Incomplete exclusion in FDB operator

Operator 1.28.1, FDB 7.1.43

We had an issue where a large number of excludes caused FDB to do critical recruitment of storage
roles on log machines, causing the log disks to quickly fill up and the cluster to stop working.

In order to get out of this we

  • Turned off the operator
  • Included all storage machines
  • Excluded log machines
  • Moved coordinators out of log machines
  • Included log machines when the storage role was removed by exclusion

This brought the cluster back to life.

In order allow the operator to run again, we re-excluded all machines that were marked for removal by the operator, but in smaller batches, so it did not trigger critical recruiting.

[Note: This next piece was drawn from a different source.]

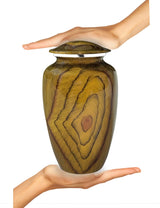 BOLD & DIVINE Teak Root Wood Grain Finish Cremation Urn | Human Ashes Adult Memorial urn, Burial, Funeral Cremation Urns | 200 Cubic Inches Adult BOLD & DIVINE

When exclusion was finished we deleted the PVCs, pods and services of the storage machines that were going away. This turned out to be a mistake.

When the operator came back, it recreated all pvcs, pods and services. This was arguably correct, since they were not marked as fully excluded in the CRD status (though a bit unnecessary when the PVCs are gone anyway).

All these process groups now had two IP addresses, the old and the new one. When running excludes, the operator seems to have used the old IP, and have gotten a response from FDB that this machine is not longer part of the cluster. At the same time the process with the new IP was still included in the cluster, and was receiving shards of data.

Then the operator started removing process groups, and we had dips in replication level, as the machines were removed even though had a storage process containing data.

This is probably a strange corner case, but I would assume it a would be a safe extension to the operator to verify exclusion for all addresses, in the case where a process group has multiple.

Thanks for your report, do you mind to open an issue in the operator repo? We can discuss potential solutions there and link that in any PR(s) we have for that.

One solution here is not to use the IP based exclusion but the locality-based exclusion: fdb-kubernetes-operator/docs/cluster_spec.md at main · FoundationDB/fdb-kubernetes-operator · GitHub (useLocalitiesForExclusion). Since you cluster is running on 7.1.43, and the required version is 7.1.42, you can make use of this feature.

I don’t have permission to open issues in the repository, as I am not a contributor.

I will look into using locality-based exclusion, thanks!

CC @ammolitor could you help here? It would be nice to add @larshagen as a contributor, to allow to create issues and PRs.

sure. @larshagen what is your GitHub ID?

My github ID is larshagencognite

Just sent an invite. Thanks for your patience.

Thanks! It seems that the invite has expired over the holidays, @ammolitor could you resend?

Just re-sent the invite.